July was unusually hot that year, and I struggled with the oppressive heat. I stood in a pan of cold water while I washed the dishes and soaked my swelling feet in another one while eating supper. It was the last month of my pregnancy and I was desperate for relief.
On Sunday night, July 17th I started having contractions at church during the evening service. Overnight the pains stopped for a few hours and I was able to get a little sleep, but by 6 AM I knew I was finally going to be delivered from this sweltering pregnancy.
My delivery of Stephanie two years earlier had been long and arduous. We had walked the hospital halls for hours waiting for her to make her entrance. Michael remembered the details well, so he was in no hurry to get me to the hospital. After all, why hurry when all you will do is wait? He took his time driving the ten miles to the hospital, and during the ride I realized there was no space between my labor pains. When we arrived Michael chose a regular parking place. “Aren’t you going to pull up to the door?” I panted.

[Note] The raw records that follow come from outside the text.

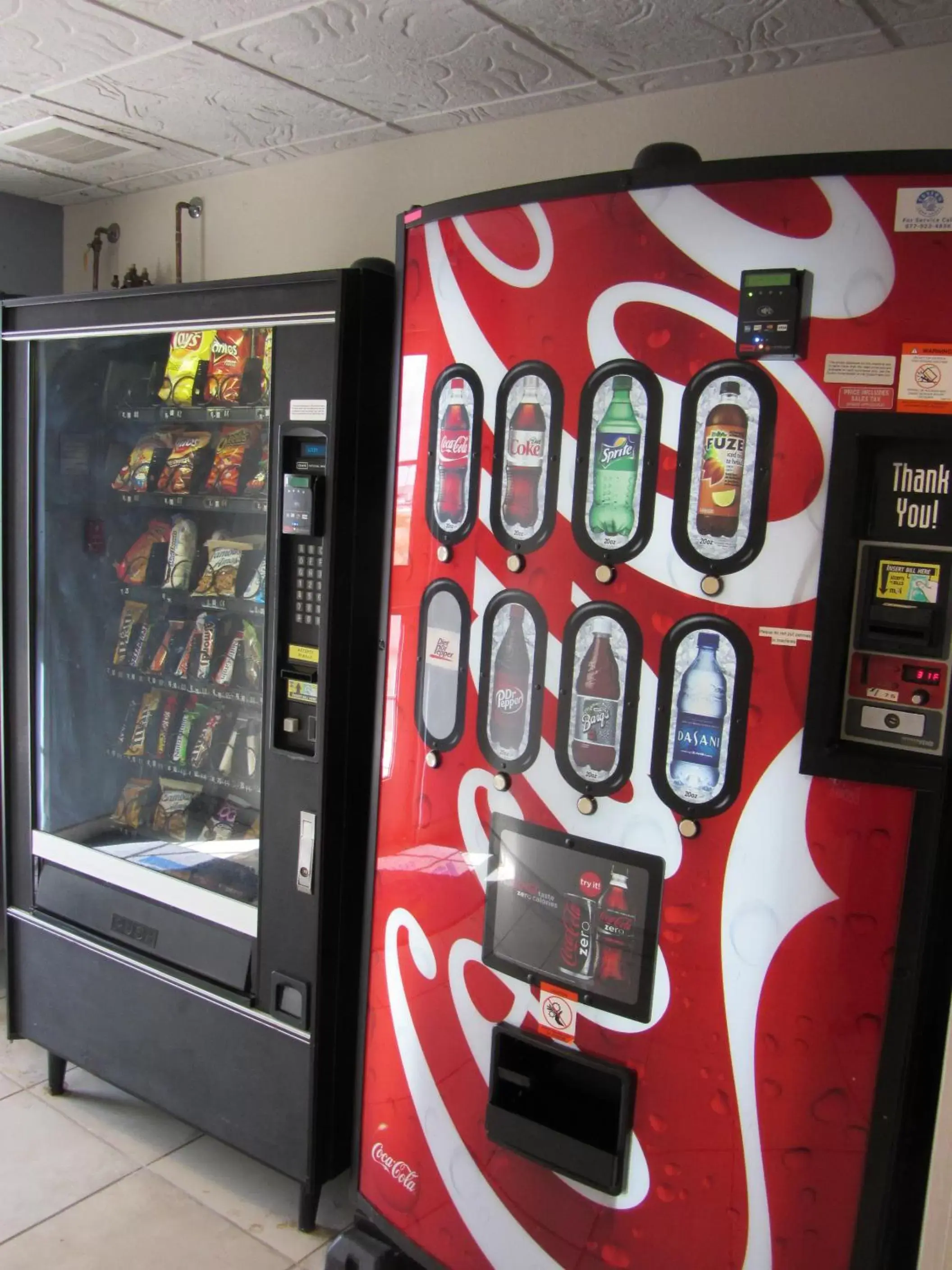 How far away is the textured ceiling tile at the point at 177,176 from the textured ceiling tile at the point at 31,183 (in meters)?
0.13

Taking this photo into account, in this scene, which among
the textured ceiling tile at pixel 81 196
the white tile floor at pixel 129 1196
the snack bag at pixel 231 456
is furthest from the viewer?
the textured ceiling tile at pixel 81 196

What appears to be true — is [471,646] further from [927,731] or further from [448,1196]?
[448,1196]

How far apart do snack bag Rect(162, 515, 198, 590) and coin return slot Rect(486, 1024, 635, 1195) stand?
1273mm

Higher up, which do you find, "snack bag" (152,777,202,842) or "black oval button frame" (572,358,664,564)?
"black oval button frame" (572,358,664,564)

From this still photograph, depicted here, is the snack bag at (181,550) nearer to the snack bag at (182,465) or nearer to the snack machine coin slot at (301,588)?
the snack bag at (182,465)

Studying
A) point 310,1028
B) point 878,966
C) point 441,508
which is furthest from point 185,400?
point 878,966

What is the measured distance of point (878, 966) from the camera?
133cm

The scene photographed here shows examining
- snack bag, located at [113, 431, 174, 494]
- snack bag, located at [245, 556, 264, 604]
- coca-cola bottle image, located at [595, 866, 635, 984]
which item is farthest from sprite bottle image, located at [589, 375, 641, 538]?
snack bag, located at [113, 431, 174, 494]

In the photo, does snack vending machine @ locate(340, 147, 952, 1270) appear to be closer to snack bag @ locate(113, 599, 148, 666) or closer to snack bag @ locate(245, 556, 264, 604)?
snack bag @ locate(245, 556, 264, 604)

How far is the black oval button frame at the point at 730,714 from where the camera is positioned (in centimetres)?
138

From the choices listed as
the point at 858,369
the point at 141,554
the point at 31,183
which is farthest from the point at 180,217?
the point at 858,369

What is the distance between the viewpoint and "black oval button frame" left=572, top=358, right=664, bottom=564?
1414 mm

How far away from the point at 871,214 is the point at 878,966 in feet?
3.16

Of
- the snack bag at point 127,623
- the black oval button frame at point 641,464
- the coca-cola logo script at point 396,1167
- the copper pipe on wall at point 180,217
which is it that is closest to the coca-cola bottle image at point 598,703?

“No, the walking is good for you.”
Somehow I lumbered in to the lobby and a nurse asked if I wanted a wheel chair. Before I could answer Michael piped up and said: “Oh no, she’s fine. The walking will do her good.” Then he stopped at the counter to buy a newspaper and fished around in his pocket to find the exact change. I perched on the edge of a chair nearby with my legs spread wide and continued the controlled panting.
Another nurse stopped near me: “Are you all right? Do you want a wheel chair?”
“Oh no, she’s fine. The walking will do her good.”
Another contraction started as the elevator doors closed behind us. When the doors opened the pains stopped long enough for me to make it out into the hallway, but then another one hit and I leaned against the wall, waiting for that contraction to subside. Finally I was able to make it into the delivery room and sat down for another contraction.
The nurses’ voice was calm and casual: “Okay, we’re going to get some vital signs, and collect a urine sample, then you can get changed.”
Her voice became urgent: “You know what? I’ll help you into this johnny and we’ll do an exam.”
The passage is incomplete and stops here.